Preprocessing
Data Loader
With Preprocessing module, you can load the data. Also, some famous data sets can be loaded by specifying a name. First, let's load the MNIST data.
using HorseML.Preprocessing
train_data, test_dara = dataloader("MNIST")
If it is your first time to load a data set. you wil be asked if you want to download the data like this:
Can I download the mnist_train.csv(110MB)? (y/n)

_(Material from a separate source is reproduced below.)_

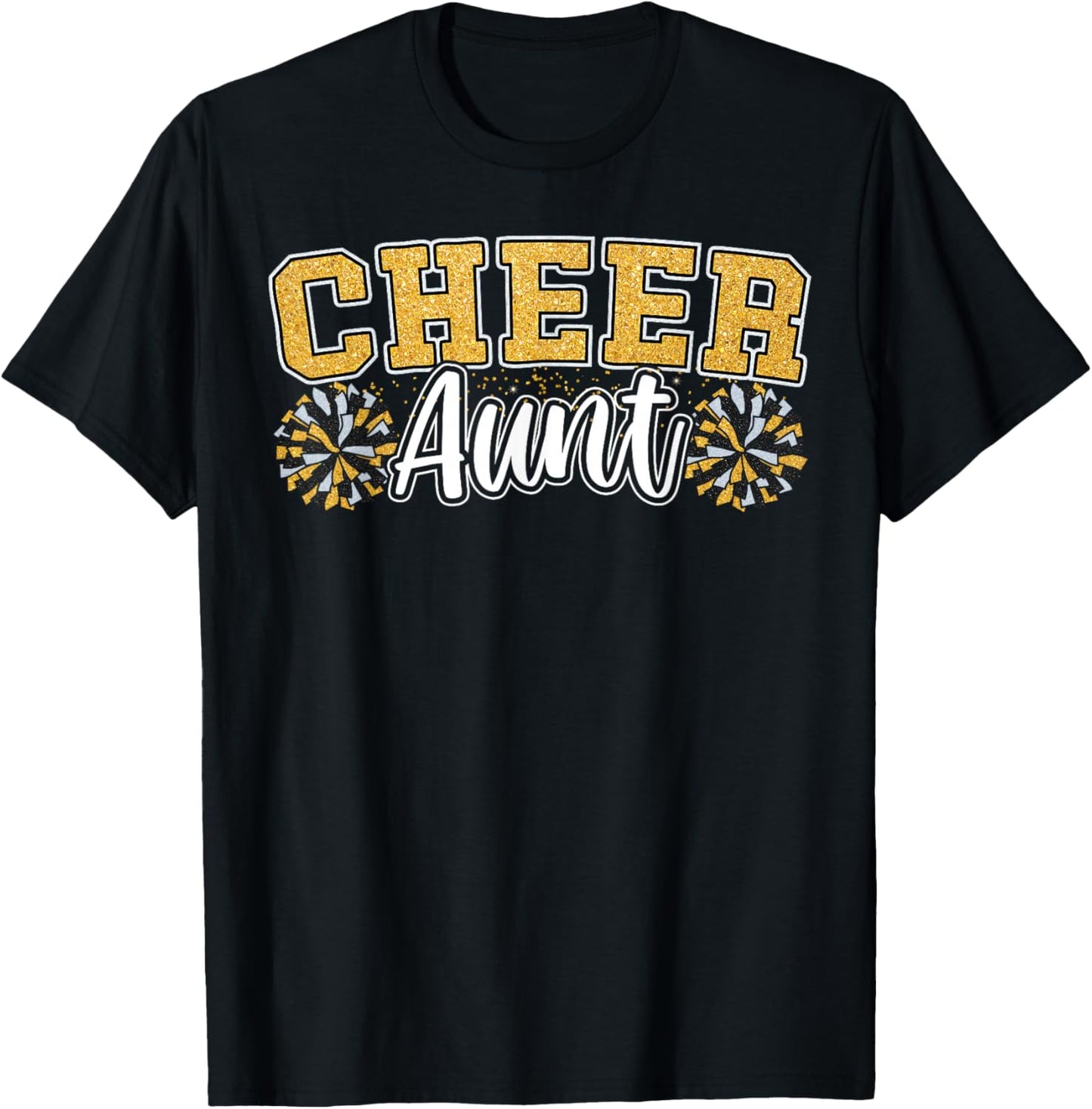 Loud Proud Cheer Aunt Team Yellow Pom Poms Cheerleader Women T-Shirt - T-Shirt | Black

The data downloaded here is in /home_directory/HorseMLdatasets/
by default. for more details, see dataloader
.
Let's also read the local data.
#Please create train.csv directly under the /home_directory/HorseMLdatasets/ as follows:
#0.202027,0.246752,0.608301,0.406351,0.0260402,0.747845
#0.735292,0.332892,0.438458,0.0787028,0.797796,0.294831
#0.710725,0.213594,0.527118,0.579191,0.298599,0.23684
#0.288168,0.787194,0.809412,0.464031,0.960465,0.655897
df = dataloader("/home_directory/HorseMLdatasets/train.csv", header = false)
Data Preprocessing
Normalization
Even if you use the data as it is, you won't be able to make a model with high accuracy, let's normalize the data. The following three scalers are available in HorseML:
- Standard Scaler : $\tilde{\boldsymbol{x}} = \frac{x_{i}-\mu}{\sigma}$
- MinMax Scaler : $\tilde{\boldsymbol{x}} = \frac{\boldsymbol{x}-min(\boldsymbol{x})}{max(\boldsymbol{x})-min(\boldsymbol{x})}$
- Robust Scaler : $\tilde{\boldsymbol{x}} = \frac{\boldsymbol{x}-Q2}{Q3 - Q1}$
For example, if you normalize iris data set with Standard Scaler,
using HorseML.Preprocessing: fit!
data = Matrix(dataloader("iris"))
x, t = data[:, 1:4], data[:, 5]
scaler = Standard()
x = fit_transform!(scaler, x)
Once the scaler is fittted, sclaes using the same value unless it fits again.
Data Spliting
Data division is done by DataSplitter
.
this function is broken in HorseML v0.3.2
DS = DataSplitter(150, test_size = 0.3)
train_x, test_x = DS(x)
train_t, test_t = DS(t)
You can specify test_size
and train_size
, whether it's the number of data or the percentage.
Encoding
In order to convert label-like string data to teacher data that can be used by classifiers, you need to encode the data. The encoders can be used in the classification module.
Label Encoder
First, convert string data to numeric data. At this time, the conversion rules for string data and numeric data are stored in the encoder. Therefore, after the prediction, you can see the prediction results by decoding with the same encoder. for more details, see LabelEncoder
.
LE = LabelEncoder()
test_t = LE(test_t)#This data is splitted in the previous chapter.
train_t = LE(train_t)
One-Hot Encoder
Next, let's ocnvert the data into One-Hot formst for make learning easier. for more details, see OneHotEncoder
.
OHE = OneHotEncoder()
test_t = OHE(test_t)
train_t = OHE(train_t)